Gericht: Sächsisches Oberverwaltungsgericht
Beschluss verkündet am 23.01.2006
Aktenzeichen: 4 B 964/04
Rechtsgebiete: VwGO, BImSchG, BGB, SächsVwVG


Vorschriften:

VwGO § 124 Abs. 2 Nr. 1
VwGO § 124 a Abs. 4 Satz 4
BImSchG § 20 Abs. 1
BImSchG § 20 Abs. 2
BGB § 138
SächsVwVG § 3
Eine gegen einen Vollstreckungsschuldner nach § 3 Abs. 1 und 2 SächsVwVG gerichtete Maßnahme der Vollstreckung ist nicht rechtswidrig, weil die Vollstreckung nach § 3 Abs. 3 SächsVwVG nicht gegen seinen Rechtsnachfolger gerichtet werden könnte.
SÄCHSISCHES OBERVERWALTUNGSGERICHT Beschluss

Az.: 4 B 964/04

In der Verwaltungsrechtssache

wegen Androhung der Ersatzvornahme

hier: Antrag auf Zulassung der Berufung

hat der 4. Senat des Sächsischen Oberverwaltungsgerichts durch den Vizepräsidenten des Oberverwaltungsgerichts Künzler, den Richter am Oberverwaltungsgericht Meng und den Richter am Oberverwaltungsgericht Heinlein

am 23. Januar 2006

beschlossen:

Tenor:

Der Antrag der Klägerin, die Berufung gegen das Urteil des Verwaltungsgerichts Leipzig vom 5. Oktober 2004 - 7 K 1329/02 - zuzulassen, wird abgelehnt.

Die Klägerin trägt die Kosten dieses Antragsverfahrens.

Der Streitwert für das Verfahren vor dem Oberverwaltungsgericht wird auf 510.652,76 € festgesetzt.

Gründe:

1. Die Klägerin beantragt die Zulassung der Berufung gegen ein Urteil des Verwaltungsgerichts Leipzig, mit dem ihre Klage gegen die ihrem verstorbenen Ehemann angedrohte Ersatzvornahme abgewiesen wurde.

Mit - bestandskräftigem - Bescheid des Regierungspräsidiums Leipzig vom 6.5.1996 wurde dem Ehemann der Klägerin u.a. unter Androhung eines Zwangsgeldes aufgegeben, das auf seinen Grundstücken befindliche kontaminierte Holz und unter Kontaminationsverdacht stehende Holz zu räumen.
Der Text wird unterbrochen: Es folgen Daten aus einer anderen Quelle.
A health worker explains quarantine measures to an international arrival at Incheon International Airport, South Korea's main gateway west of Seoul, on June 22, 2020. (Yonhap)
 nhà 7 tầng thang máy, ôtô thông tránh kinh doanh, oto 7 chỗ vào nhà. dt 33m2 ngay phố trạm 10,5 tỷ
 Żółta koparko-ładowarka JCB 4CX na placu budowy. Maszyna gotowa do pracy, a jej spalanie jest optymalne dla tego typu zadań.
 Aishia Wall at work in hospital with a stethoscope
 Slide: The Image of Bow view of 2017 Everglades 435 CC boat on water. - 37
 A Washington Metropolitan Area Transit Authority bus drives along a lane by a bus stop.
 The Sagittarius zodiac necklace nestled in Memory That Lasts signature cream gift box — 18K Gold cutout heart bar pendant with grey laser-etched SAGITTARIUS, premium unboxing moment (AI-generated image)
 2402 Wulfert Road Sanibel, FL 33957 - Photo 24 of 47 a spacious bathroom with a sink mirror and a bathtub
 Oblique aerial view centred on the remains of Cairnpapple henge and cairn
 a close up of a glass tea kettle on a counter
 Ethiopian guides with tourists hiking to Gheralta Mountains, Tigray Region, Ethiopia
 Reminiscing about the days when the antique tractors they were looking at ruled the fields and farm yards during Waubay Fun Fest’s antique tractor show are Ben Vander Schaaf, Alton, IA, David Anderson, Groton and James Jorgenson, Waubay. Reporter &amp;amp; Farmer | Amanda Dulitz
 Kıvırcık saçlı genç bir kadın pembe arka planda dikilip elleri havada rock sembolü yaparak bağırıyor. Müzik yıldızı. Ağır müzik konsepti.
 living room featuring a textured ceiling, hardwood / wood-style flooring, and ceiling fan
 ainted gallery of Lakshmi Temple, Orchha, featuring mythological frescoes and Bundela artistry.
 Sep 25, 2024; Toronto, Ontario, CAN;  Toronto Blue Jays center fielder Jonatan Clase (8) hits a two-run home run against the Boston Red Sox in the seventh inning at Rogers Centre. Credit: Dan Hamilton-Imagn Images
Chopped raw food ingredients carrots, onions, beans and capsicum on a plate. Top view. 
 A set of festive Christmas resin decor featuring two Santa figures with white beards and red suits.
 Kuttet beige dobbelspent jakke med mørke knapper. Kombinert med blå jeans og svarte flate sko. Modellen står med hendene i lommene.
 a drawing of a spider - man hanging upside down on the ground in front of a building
Da auch nach Festsetzung mehrerer Zwangsgelder - von zunächst bis zu 10.000,00 DM und sodann durch Bescheid vom 30.1.1998 von 50.000,00 DM - in der Folgezeit keine Beräumung erfolgte, wurde ihm mit Bescheid des Regierungspräsidiums Leipzig vom 3.12.1998 die Ersatzvornahme angedroht. Bereits am 1.7.1998 veräußerte er das Holz an eine GmbH, deren einziger Gesellschafter und Geschäftsführer er war. Mit weiterem Kaufvertrag vom 27.7.1998 veräußerte er an die GmbH seinen Grundbesitz mit allen wesentlichen Bestandteilen; die Grundbuchumschreibung erfolgte am 14.1.2000. Nachdem sein Widerspruch gegen die angedrohte Ersatzvornahme mit Bescheid vom 12.7.2002 zurückgewiesen wurde, erhob er am 15.8.2002 Klage. In das Klageverfahren ist nach seinem Tode seine Ehefrau als seine Rechtsnachfolgerin als Klägerin eingetreten.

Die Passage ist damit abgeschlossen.